O fotógrafo passou a usar uma série de disfarces para registrar tudo o que via, de inspetores de incêndio a vendedores de Bíblia. Ele clicou crianças em frigoríficos, em indústrias têxteis, em fábricas de conservas, nas ruas trabalhando como engraxates, vendedores ambulantes e jornaleiros. O trabalho de Hine não se propôs a reproduzir velhos estereótipos da época, nem a criar um espetáculo do “estrangeiro” ou do “exótico”. Ele teve o cuidado de documentar cada fotografia com fatos e números precisos, tudo com muito respeito e dignidade. A foto intitulada Breaker Boys aconteceu justamente durante a visita de Hine à mina Ewen Breaker, da Pennsylvania Coal Co., no dia 16 de janeiro de 1911. É um dos mais marcantes registros históricos da exploração de menores.

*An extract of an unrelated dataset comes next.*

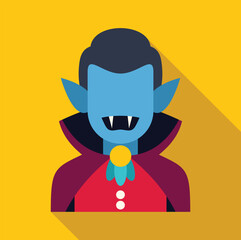 Vampire character wearing a cape and showing fangs, for halloween or horror concepts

Na época, muitos consideravam o trabalho bom para as crianças, desde que elas desenvolvessem habilidades úteis e não fossem excessivamente exploradas. As famílias imigrantes, em particular, dependiam da renda obtida com essa mão de obra. Mas as imagens e reportagens detalhadas de Hine expuseram o abuso generalizado. O trabalho em fábricas e minas mantinha as crianças fora da escola e colocava sua saúde em risco. Havia exposição a altas temperaturas e fumaça tóxica. O rugido incessante do maquinário usado nas minas causava perda de audição, e muitos tinham os dedos e as mãos cortados por rochas afiadas e irregulares.

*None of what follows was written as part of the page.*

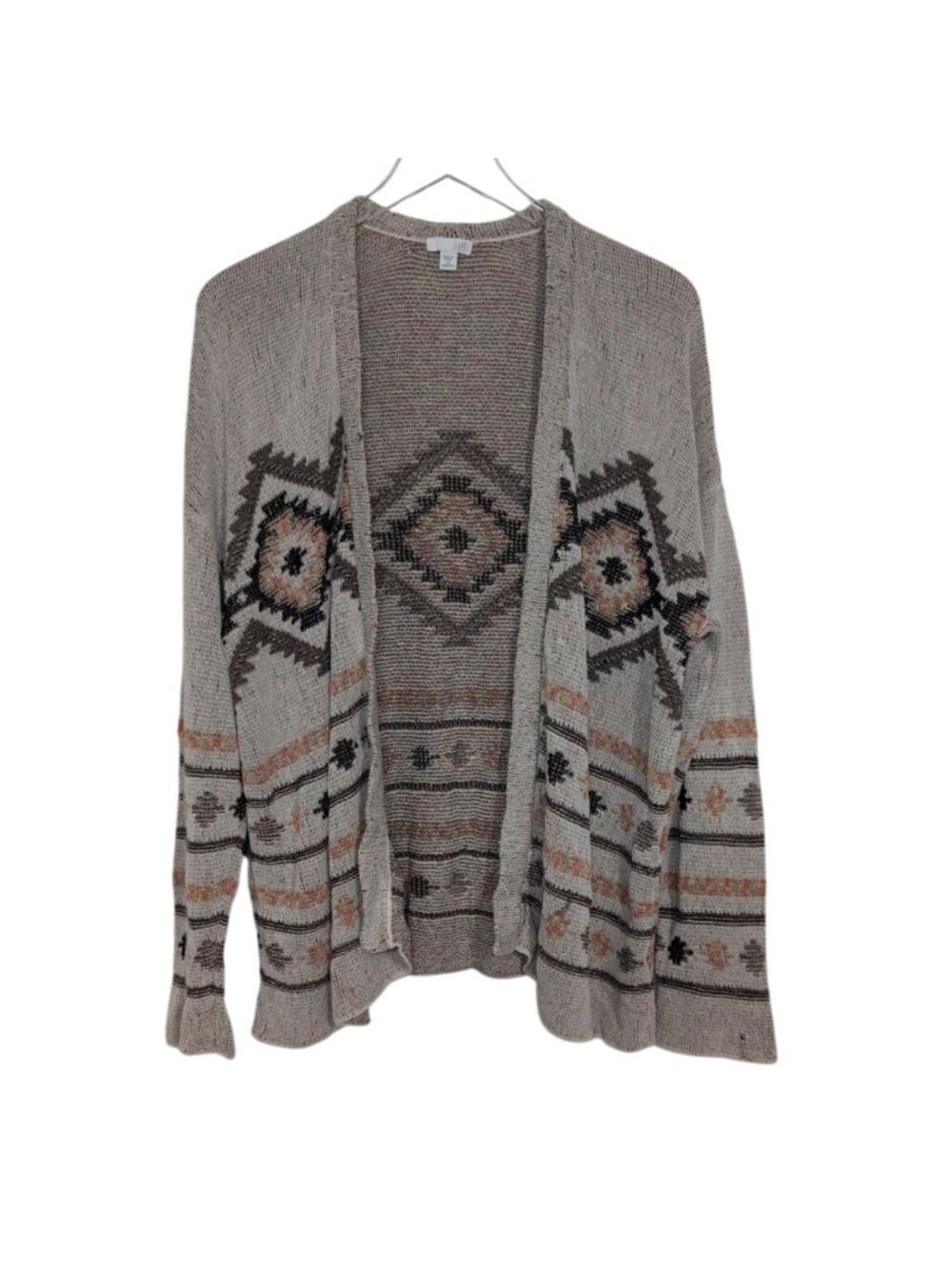 J Jill Aztec Southwestern Open Cardigan Womens Plus Size 3X Beige Boho Sweater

O registro documental de Hine foi importante para o início da abolição do trabalho infantil nos Estados Unidos. A partir de então, a legislação americana começou a combater um sistema que tinha pouca consideração pela saúde ou segurança das crianças. Em 1916, o Congresso aprovou a Lei Keating-Owen, que estabeleceu os seguintes padrões de trabalho infantil: idade mínima de 14 anos para trabalhadores na indústria e de 16 anos para trabalhadores na mineração; jornada máxima de trabalho diário de oito horas; proibição de trabalho noturno para trabalhadores menores de 16 anos; e uma prova documental de idade. Infelizmente, essa lei foi posteriormente considerada inconstitucional, com base no fato de o poder do Congresso de regular o comércio interestadual não se estender às condições de trabalho. A ação efetiva contra o trabalho infantil teve que esperar pelo New Deal. Os reformadores, no entanto, tiveram sucesso em forçar a legislação em nível estadual, com a proibição do trabalho infantil e a definição do máximo de horas. Em 1920, o número de crianças trabalhadoras foi reduzido para quase metade do que era em 1910.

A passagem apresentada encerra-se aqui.